2014 GSA Annual Meeting in Vancouver, British Columbia (19–22 October 2014)

Paper No. 67-14
Presentation Time: 4:35 PM

THE RAPID RISE IN SEA LEVEL AND COASTAL FLOODING RELATED TO THE FINAL DRAINAGE OF LAKE AGASSIZ, WITH SPECULATIONS ABOUT A TSUNAMI


TELLER, James T., Geological Sciences, University of Manitoba, Winnipeg, MB R3T 2N2, Canada

The final drainage of glacial Lake Agassiz at ~8.4 cal (7.6 14C) ka occurred in less than a year. This outburst of 5.2 Sv from the world’s largest lake (840,000 km2) occurred when the Laurentide Ice Sheet was breached, allowing ~150,000 km3 of stored water from the southern side of the LIS to pass through Hudson Bay and Hudson Strait into the Labrador Sea and North Atlantic Ocean. This outburst resulted in a rise in global sea level of about 0.4 m. Previous outbursts from Lake Agassiz, which only partially drained the lake, typically released <10,000 km3 of water, and each of those resulted in only a few centimeters of sea level rise.

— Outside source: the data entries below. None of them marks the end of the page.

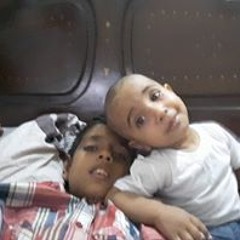Muhammad Abdulrehman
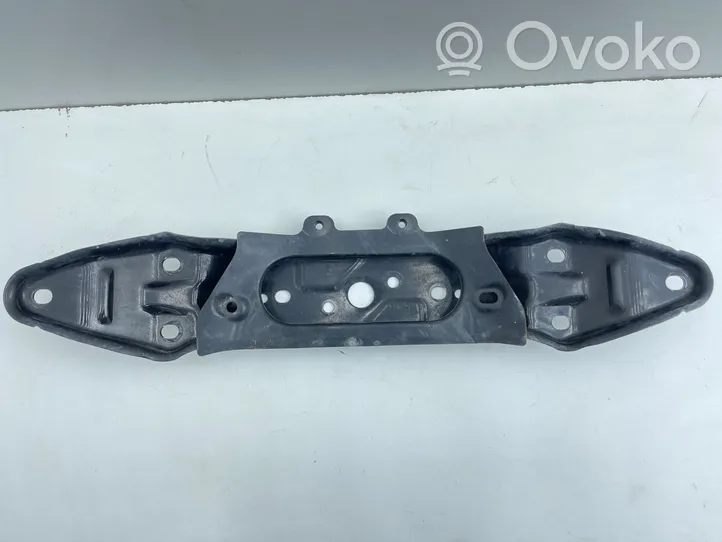 Subaru Outback (BT) Supporto di montaggio scatola del cambio 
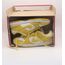 Nike Dunk Low Twist Vivid Sulfur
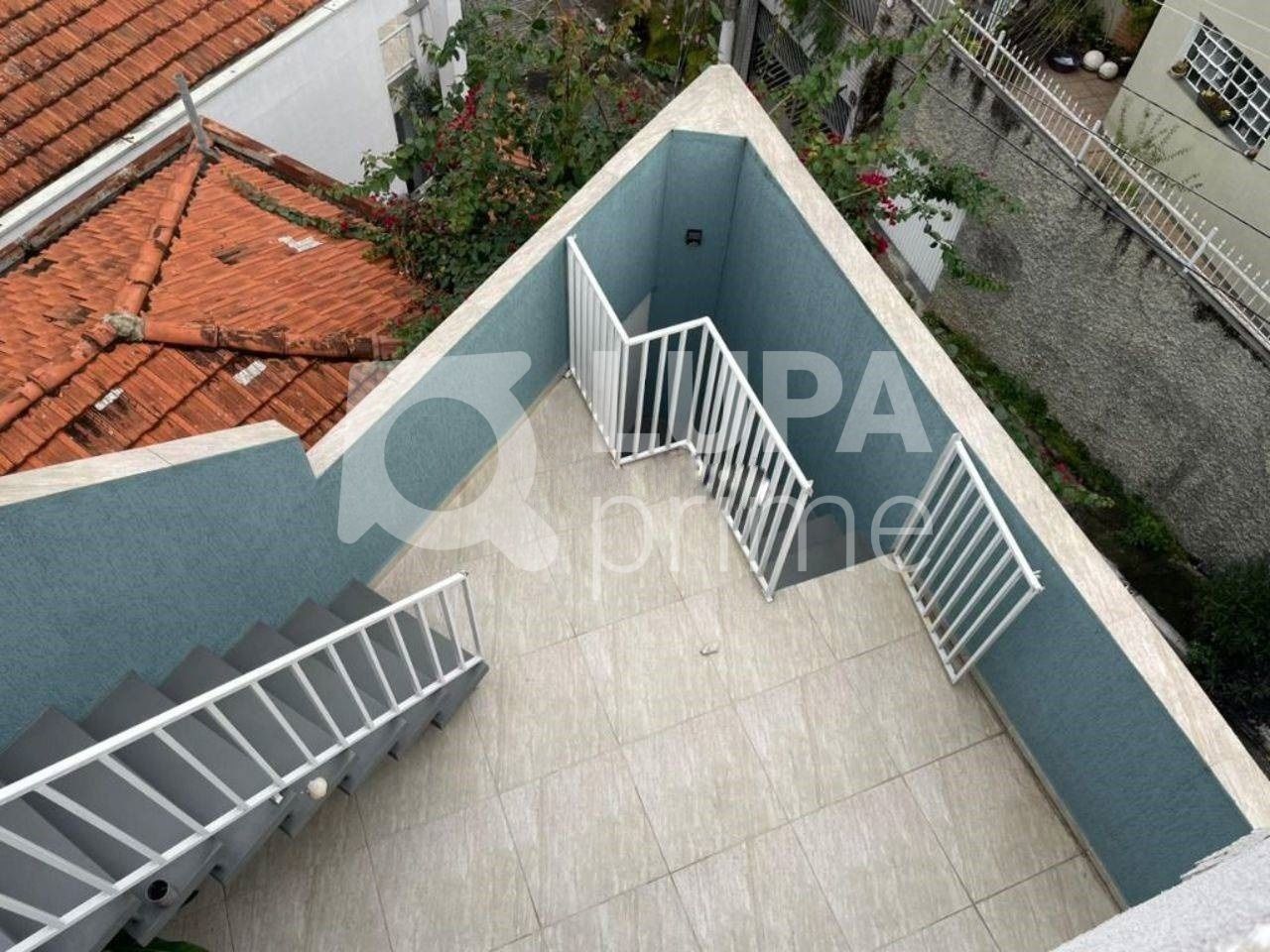 sobrado-venda-sao-paulo-jardim-sao-paulo-2dormitorios-2suites-2vagas-225m2-LS40552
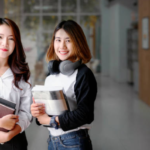 個別指導の学習塾はコロナ後にテレワークとどう向き合う?導入までの苦悩を語る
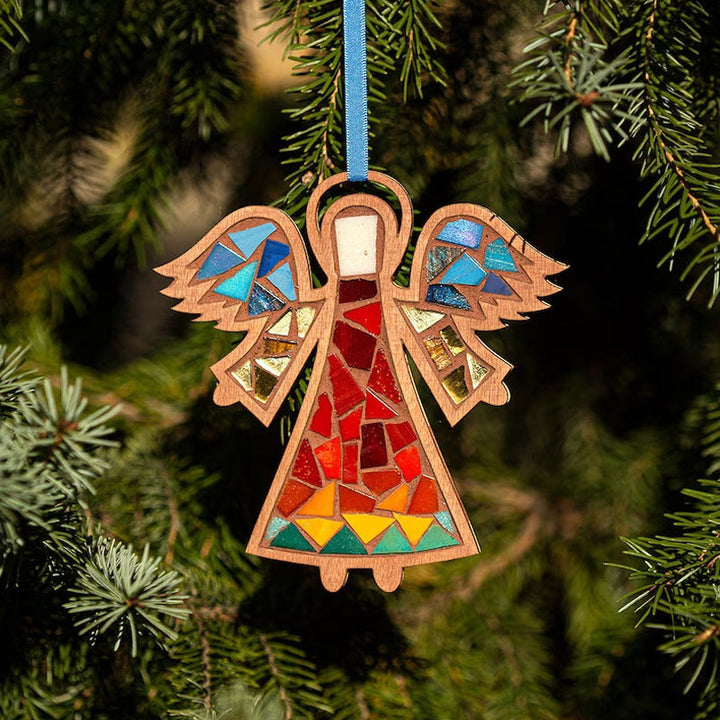 Stornfield | DIY Mosaic Kit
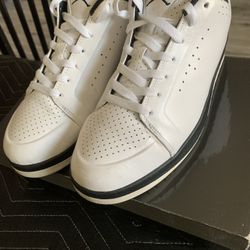 MENS Nikes Jordan’s 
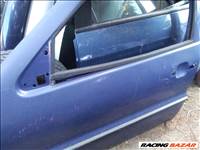 Volkswagen Polo III VOLKSWAGEN POLÓ ÖTAJTÓS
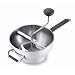 Cuisipro Deluxe Food Mill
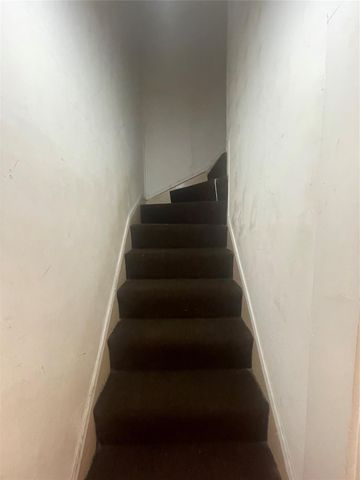 1971 W Lamar Street 2, Houston, TX 77019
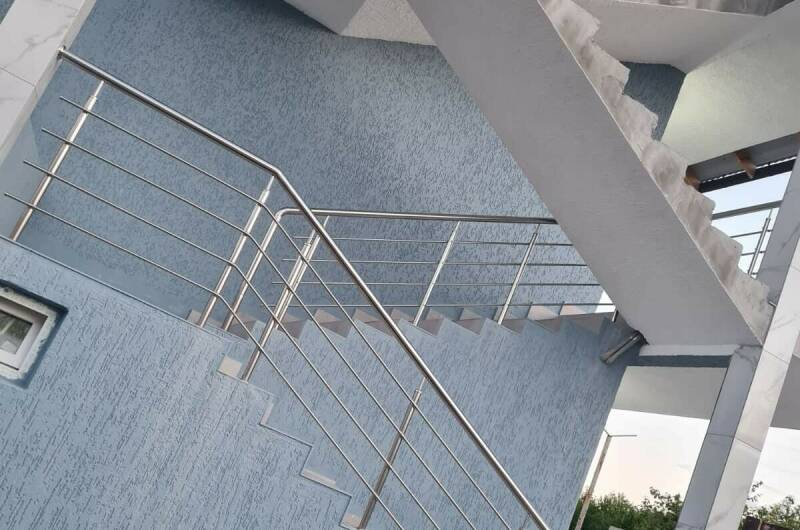 Апартаменты «Изабелла»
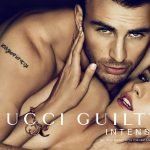 Guilty Intense - Gucci - Foto 4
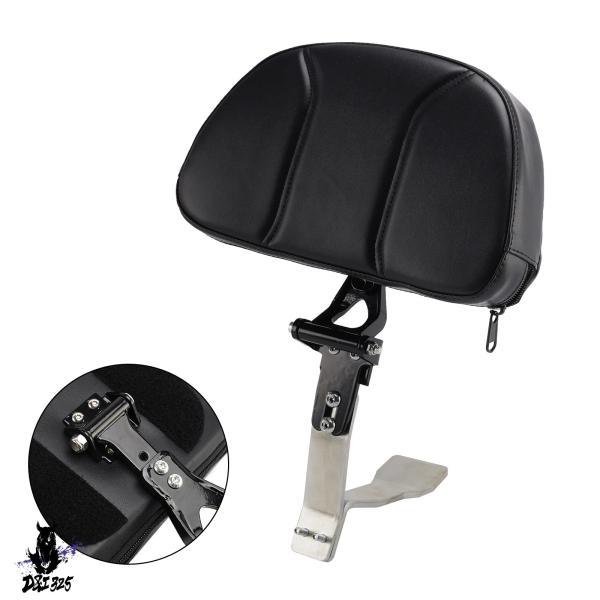 互換品  Topteng ドライバーパッド Can Am Spyder RT SE6 SM6 SE5...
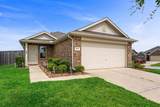 164 Pine Bend Court - Photo 1
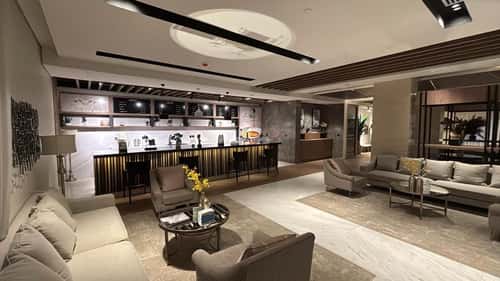 Apartment with 3 Bedrooms Hitteen, North Riyadh, Riyadh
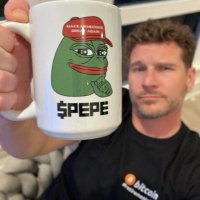 KC 🐸 (@pepe0x69_kc) 's Twitter Profile Photo KC 🐸 (@pepe0x69_kc) 's Twitter Profile Photo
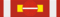 National Order of Merit - Grand Cross (Brazil) - ribbon bar.png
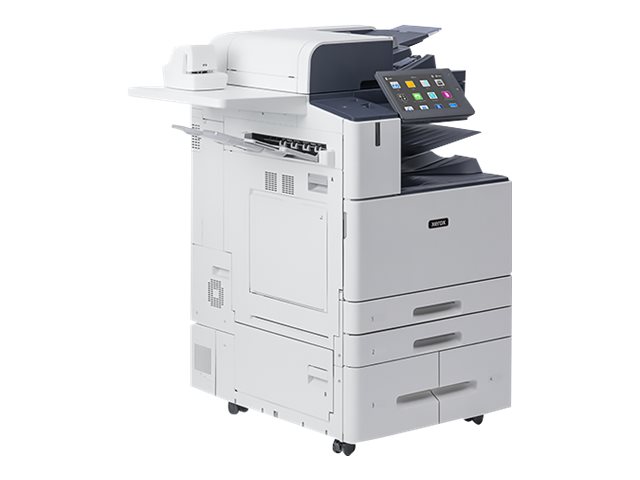 Xerox AltaLink B8155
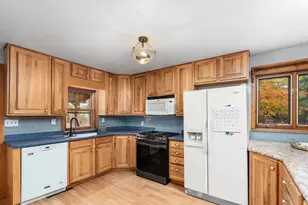 E9523 South Ave, Reedsburg, WI 53959 - Photo 5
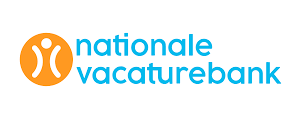 Nationale Vacaturebank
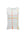 VENUS BLUE/ MULTI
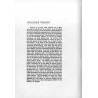 [16] Litauischer Friedhof / [16] "LITAUISCHER FRIEDHOF"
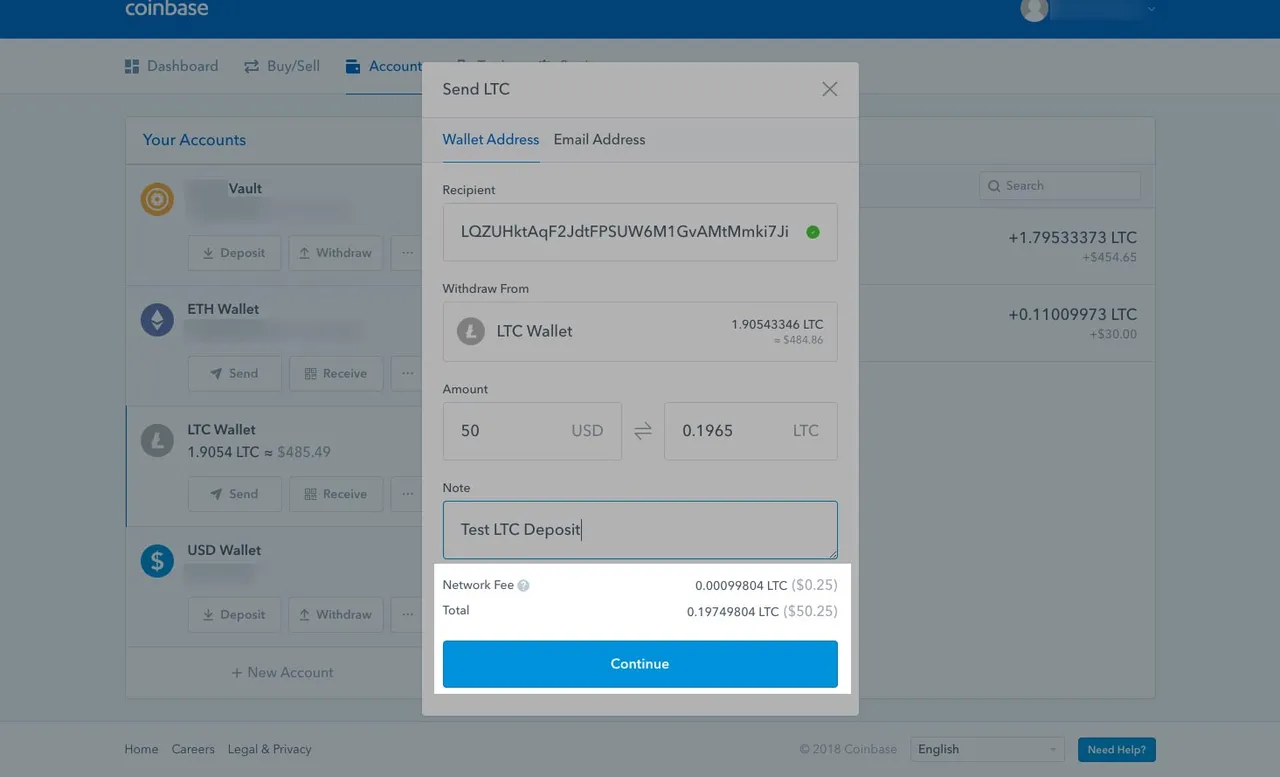 select-litecoin-account-tab-filled1.jpg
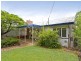 46 Sussex Street, Toowong QLD 4066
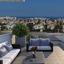 5 bedroom detached house for sale protaras famagusta 8745030 thumbnail 18017863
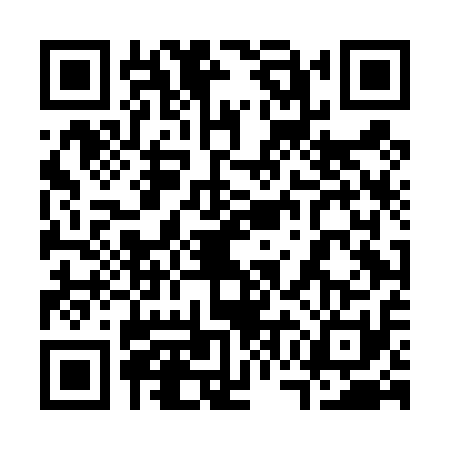QR code for 37DD111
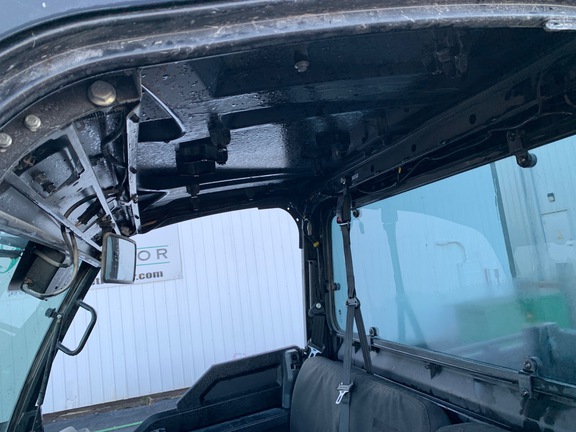 https://photos.machinefinder.com/65/11458465/77744054_large_19366.jpg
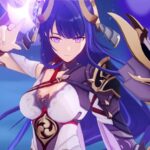 Révélation majeure : Genshin Impact améliore l'expérience des boss hebdomadaires Genshin Impact Leak Hints at Major Quality of Life Change to Weekly Bosses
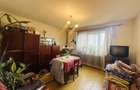 Apartament cu 2 camere decomandat în Mănăștur - 1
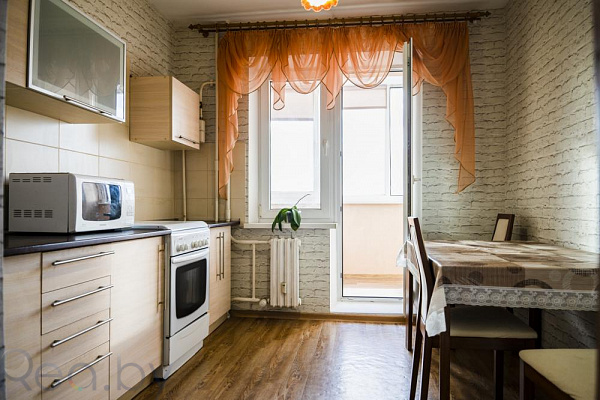 1-к квартира - Брест, Продан 1-к квартира - Брест, Продан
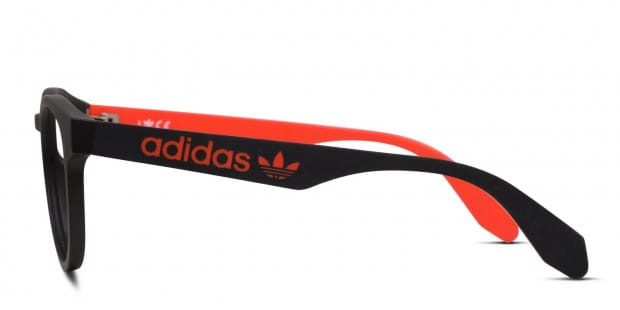 Adidas glasses usa shop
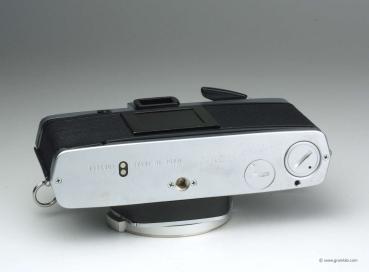 Olympus OM-2n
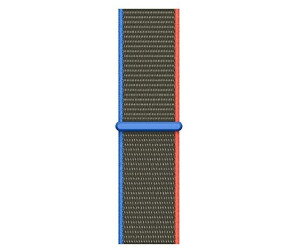 Sport on sale loop red
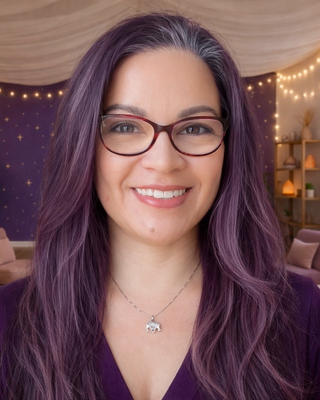 Photo of Heather Hassenbein - Constellations Counselling, Counsellor, MCPAT, RCC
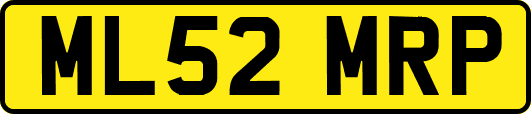 ML52MRP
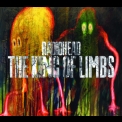 Radiohead - [B. 18 February 2011] - The King Of Limbs '2011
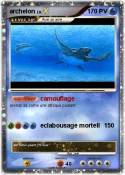 archelon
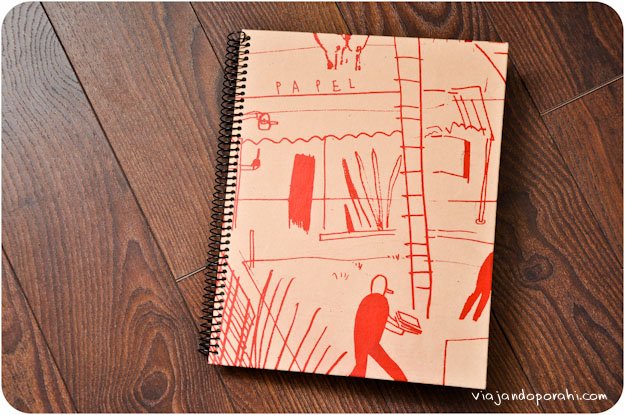 cuadernos-3
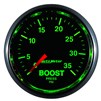 autometer-3804-4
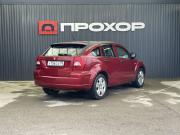 Dodge Caliber I Пермь  - изображение 27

Sediment records along the flood path of the 8.4 cal ka drainage, and records elsewhere in the world, suggest that the final drainage may have occurred in two stages of 3.6 and 1.2 Sv, separated by a few decades. The abrupt rise in sea level resulting from the final drainage probably would have been recorded in shallow-water marine environments such as lagoons and marshes around the world, and would have included abrupt changes in biota and grain size related to changes in water depth, wave energy, and chemistry. Teller et al. (2005, Science of Tsunami Hazards) speculated that this 5 Sv outburst of water may have generated a tsunami in the Labrador Sea, perhaps with an initial height of 10-16 m, and may have been recorded in places around its periphery. The close coincidence in time of the drainage of Lake Agassiz with the Storegga landslide off the coast of Norway, dated at about 8.1-8.2 cal ka, and the subsequent tsunami recorded along the coast of Norway, Scotland, and the Shetland and Faeroe Islands is interesting.